**What to do**
After locating the line with "A male wears" in the entries below, output it and each following line up to and including the line with "A photo of two", exactly and without pictures.

**Available data**
----------------------------------------

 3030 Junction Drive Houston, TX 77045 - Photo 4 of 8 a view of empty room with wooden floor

----------------------------------------

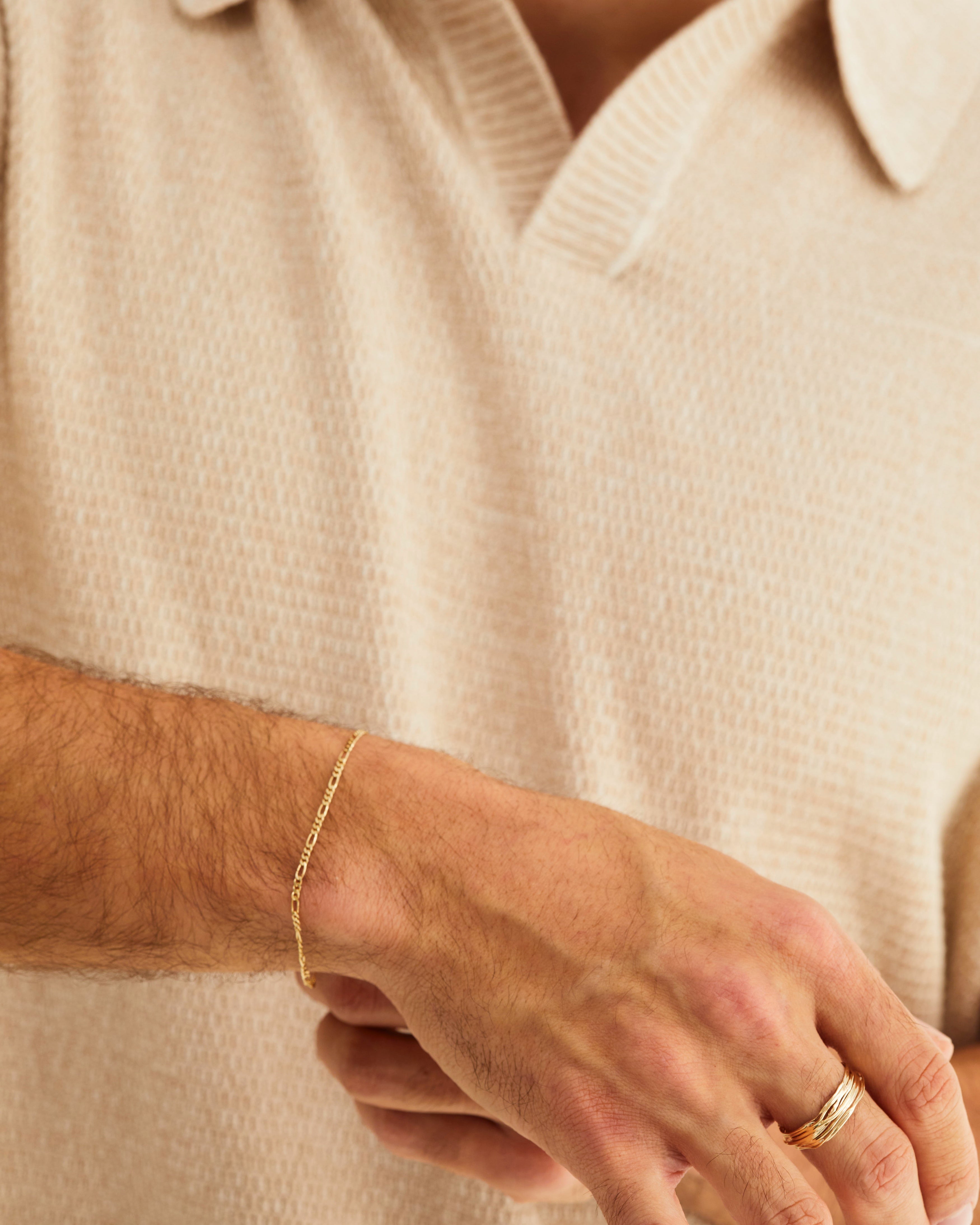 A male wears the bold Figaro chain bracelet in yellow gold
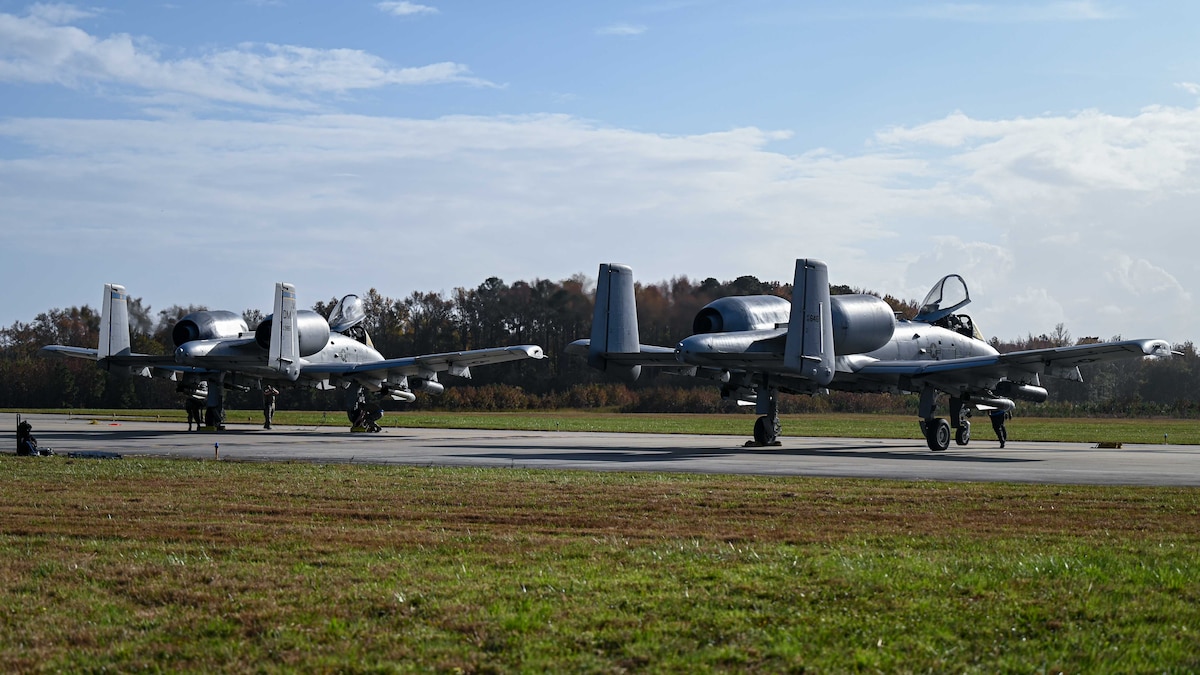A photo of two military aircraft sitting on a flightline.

----------------------------------------

**Written solution**
 A male wears the bold Figaro chain bracelet in yellow gold
A photo of two military aircraft sitting on a flightline.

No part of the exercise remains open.